◆ **PROBLEM TO WORK ON**:
Find the line with "68 Plymouth Barracuda Formula S" in the data below. Repeat it and every line after it up to the end, exactly, but drop the pictures.

◆ **MATERIAL TO PROCESS**:

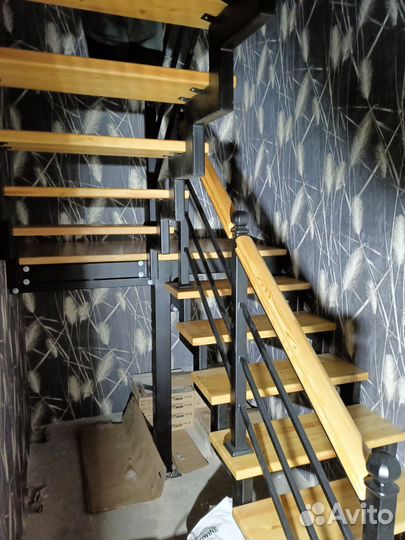 Изготовление металлических лестниц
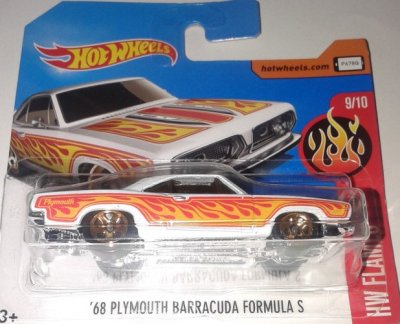 68 Plymouth Barracuda Formula S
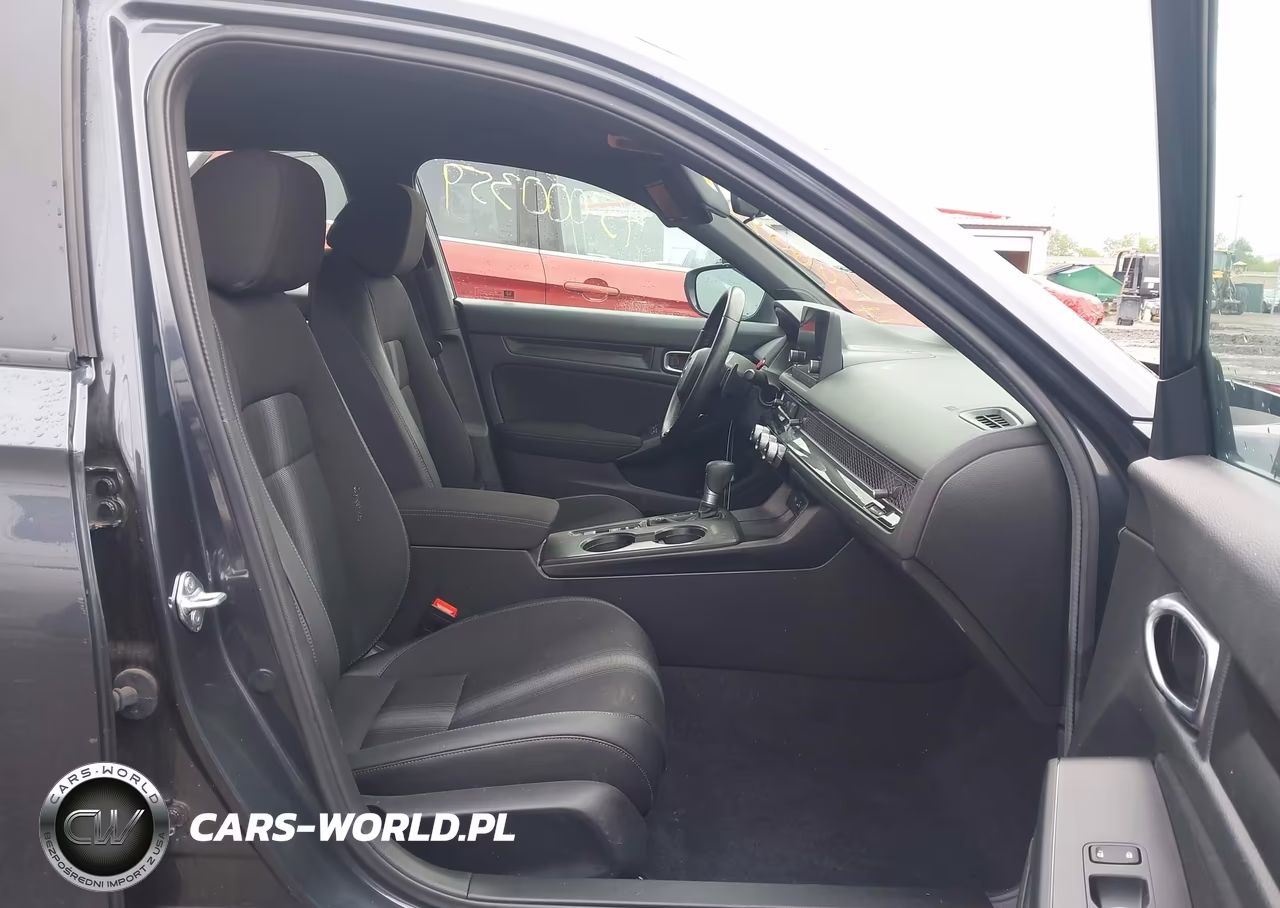 2025 Honda Civic Sport VIN:2HGFE2F51SH518452 - 5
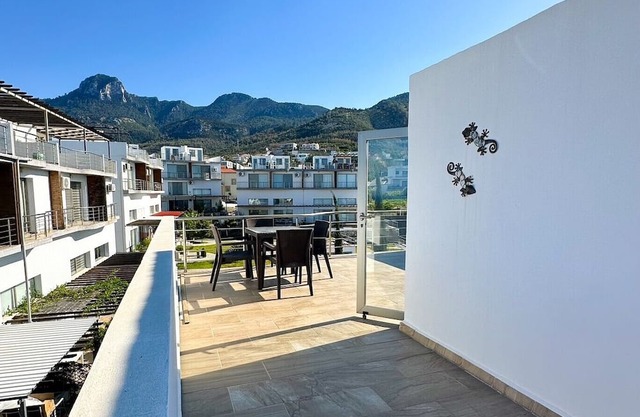 Modern Villa in Northern Cyprus, in a peaceful village Near Kyrenia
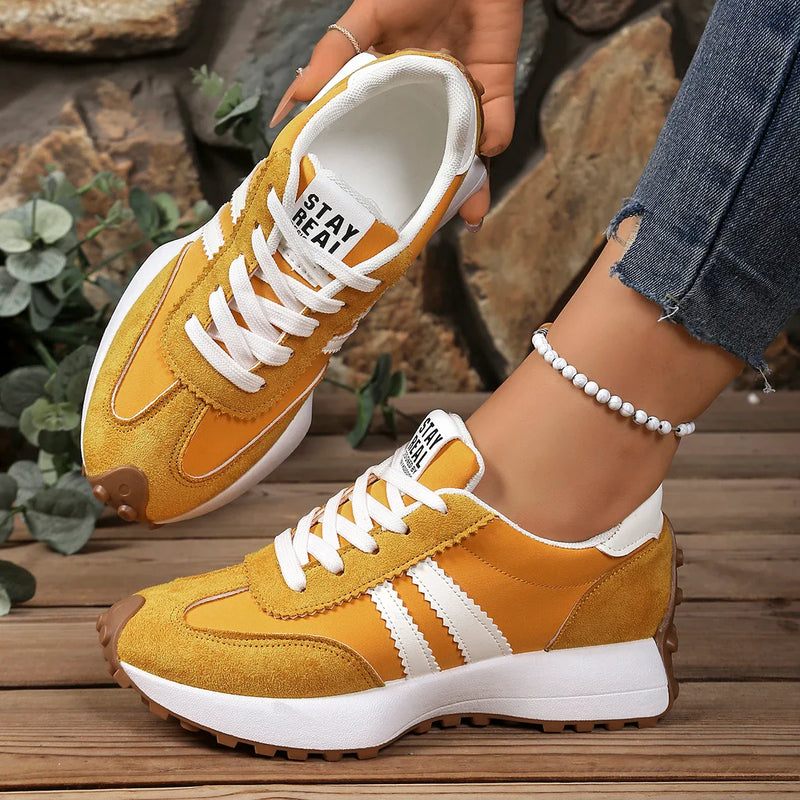 Vintage Inspired Orthopedic Sneakers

◆ **EXERCISE ANSWER**:
 68 Plymouth Barracuda Formula S
 2025 Honda Civic Sport VIN:2HGFE2F51SH518452 - 5
 Modern Villa in Northern Cyprus, in a peaceful village Near Kyrenia
 Vintage Inspired Orthopedic Sneakers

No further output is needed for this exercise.